Ukraine: U.S. Announces Sanctions, Russia Threatens Retaliation
The United States has been threatening increased sanctions against Russia in response to its encroachment and interference in Ukraine’s transition to a new opposition government after a long period of violent, internal protest rocked the country. Former Ukrainian President Viktor Yanukovych escaped from Ukraine to find shelter in Russia; Ukraine’s interim government accused him of mass murder following his rapid departure form the country. Troops of Russian origin have since invaded Crimea, a portion of Ukraine with a large number of ethnic Russians. Now, President Barack Obama has taken another step to further increase pressure on Russia and indicate the U.S.’s displeasure.
Obama signed an executive order on Thursday that will “authorize sanctions on individuals and entities responsible or activities undermining democratic processes or institutions in Ukraine,” White House Press Secretary Jay Carney said in a press release. The State Department also put visa restrictions on officials and individuals who were or are involved in “threatening the sovereignty and territorial integrity of Ukraine.”
According to Carney’s release, the executive order is intended to be a more adaptive mechanism for dealing with interests that would destabilize Ukraine, and it does not exclude the possibility of continued steps should the need arise. In the past month, the United States has taken other steps toward isolating Russia, including ending trade and investment discussions, freezing a number of bilateral meetings, and temporarily ceasing Russian and U.S. military-to-military engagement. On top of that, the U.S. and other nations have agreed to put off preparations for the Group of 8 summit in Sochi, Russia, which is scheduled to take place in June.

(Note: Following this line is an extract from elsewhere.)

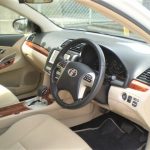 2014 Toyota Premio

“We’ve made clear that it is an absolute clear-cut violation of Ukraine’s territorial integrity to take the steps that Russia has taken, and that’s why we urge Russia to very quickly and immediately begin a dialogue with the government of Ukraine,” Carney said at a press gaggle on Thursday. “Pull back Russia’s military forces to their bases, restore Ukraine’s territorial integrity, and allow for the urgent deployment of observers and human rights monitors.”
According to The New York Times, Russian officials responded in anger to the sanctions, saying that Russia could return the actions to the United States. “The U.S. has the right, and we have the right to respond to it,” said Vladimir Lukin, the human rights commissioner of Russia and previously the ambassador to the United States, the Times reports.
“But all this is, of course, not making me happy,” Lukin said of the sanctions. “There are many one-sided, half-hysterical evaluations in the media. I repeated this to John Kerry, who seems to understand that it doesn’t really help the flow of normal work. It’s impossible to work honestly under the threat of ultimatums and sanctions.”
On the other hand, some don’t believe the sanctions are likely to have much real effect. “It doesn’t say, for example, that certain Russian state and private banks will be punished by a 30 percent increase on the political risk margin, or that exports of some products will be banned, or that there will be no technology transfer,” said Igor Y. Yurgeens, previously a Kremlin adviser and current head of the Institute of Contemporary Development in Moscow, to The New York Times. “It’s more of a political signal than a serious economic tool.”